The main thing you need to know about Worldmark SF is to never under any circumstances walk down the stairwell from street level where Wmk is to the street below that. The resort is in an area that sort of acts like a bridge over another street. Stairwell is used as a latrine by the homeless.


----------



## DaveNV (Oct 4, 2018)

Passepartout said:


> How about you pick up the phone and ask??? I know, how quaint.  We are doing a long weekend in Portland next month (el cheapo Travelzoo deal) and it said $33/night self park and $50+ valet. So that goes some way towards flying in and using the light rail into town and while we are there. San Fran might be similar.

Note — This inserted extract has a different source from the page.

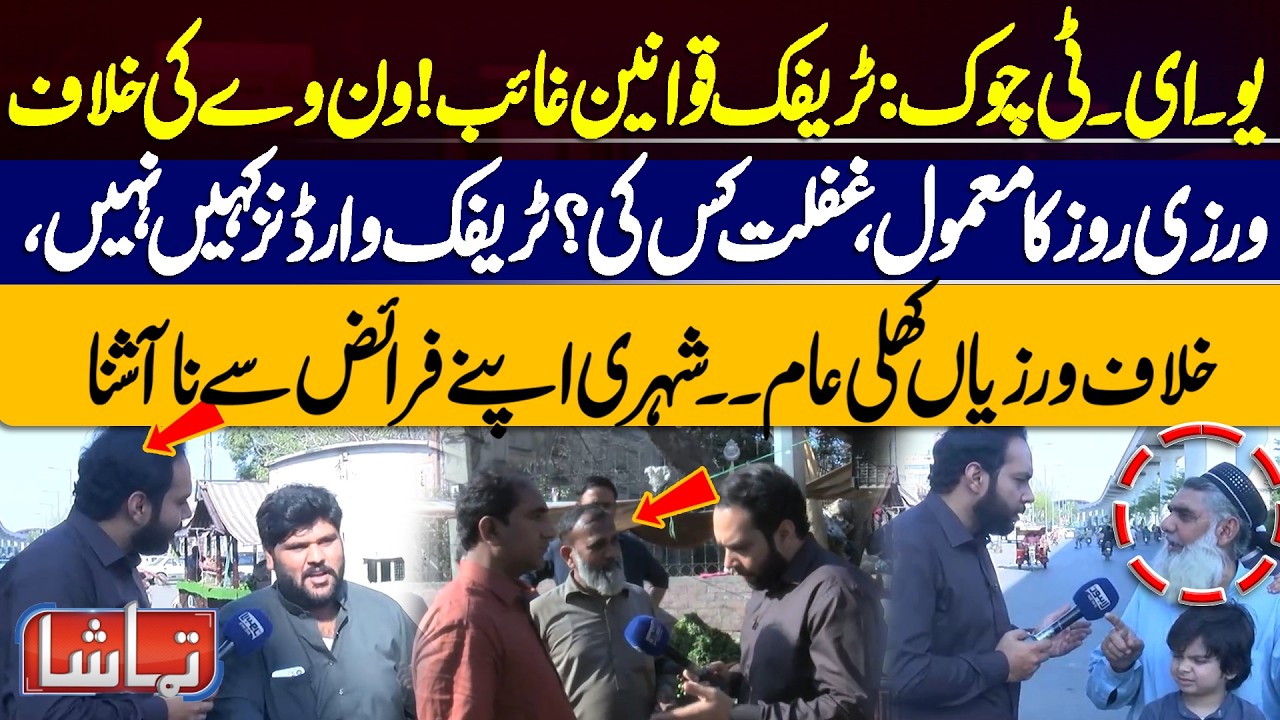 Breaking: One-Way Violations Daily at UET Chowk – Who’s Responsible? | Tamasha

Well, certainly, Captain Snarky, I could call them. That isn’t the point. I just thought it might be best to start with Tuggers, who may have experience with parking options there. The resort may offer one thing, and not mention a second choice that may be nearby. 

We aren’t flying into San Francisco. We’re flying to Sacramento for an eight day trip visiting family that includes three nights in SF in the middle of it all. Leaving the car and taking the BART might work, but if we opt to drive to Muir Woods or something, having the car will be nice. No firm decisions have been made, which is kind of what this thread was for - making choices.

Dave


----------



## DaveNV (Oct 4, 2018)

clifffaith said:


> The main thing you need to know about Worldmark SF is to never under any circumstances walk down the stairwell from street level where Wmk is to the street below that. The resort is in an area that sort of acts like a bridge over another street. Stairwell is used as a latrine by the homeless.

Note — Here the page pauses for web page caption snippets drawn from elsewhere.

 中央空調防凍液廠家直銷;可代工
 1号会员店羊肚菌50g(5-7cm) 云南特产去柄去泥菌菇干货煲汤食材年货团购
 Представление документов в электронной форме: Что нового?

Eeeww. Thanks for the warning!

Dave


----------



## DaveNV (Oct 4, 2018)

DeniseM said:


> There is a bell captain/valet desk right at the front door - they will help you with valet parking.  I'd call first for more info - it's likely to be expensive.  Another option would be to take BART from the airport into the city, and then a cab a few blocks to WM, if you don't feel like walking or have too much luggage, and then don't rent a car until you are ready to leave town.

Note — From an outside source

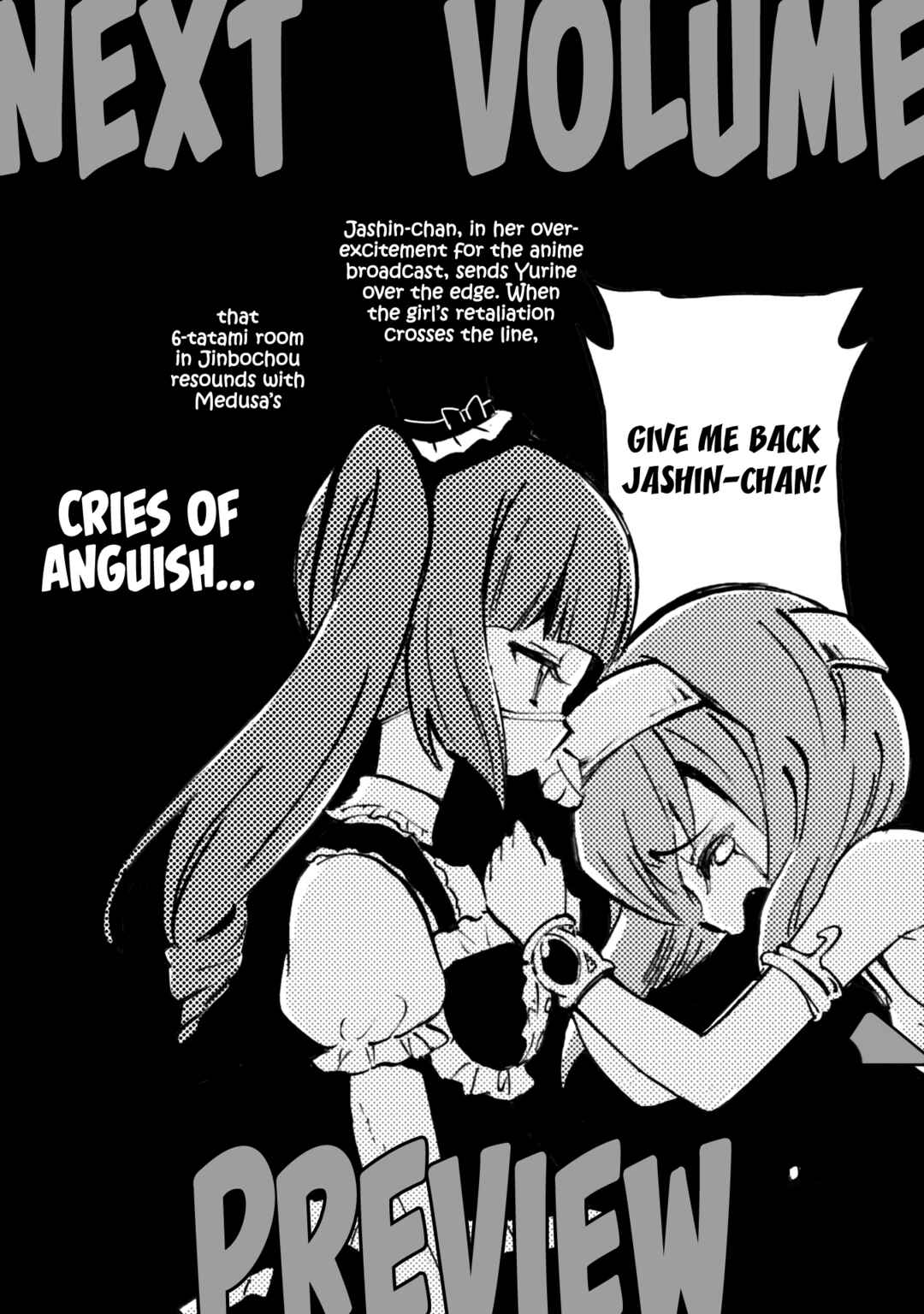 Page 6 Chapter 120.5 Jashin-chan Dropkick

Thanks, Denise. I will definitely call ahead if that turns out to be the way to go. The website indicated Valet with in/out privileges is only $7 a day more than regular parking. For that, it may be easier to have them park the car. 

Dave


----------



## rickandcindy23 (Oct 4, 2018)

clifffaith said:


> The main thing you need to know about Worldmark SF is to never under any circumstances walk down the stairwell from street level where Wmk is to the street below that. The resort is in an area that sort of acts like a bridge over another street. Stairwell is used as a latrine by the homeless.


Oh my goodness.


----------



## vacationtime1 (Oct 4, 2018)

The Worldmark SF is across the street from a 12 story parking garage (Sutter/Stockton).  One entrance is on Bush Street -- directly across the street from Worldmark.  I'm certain that's where the valet would park your car.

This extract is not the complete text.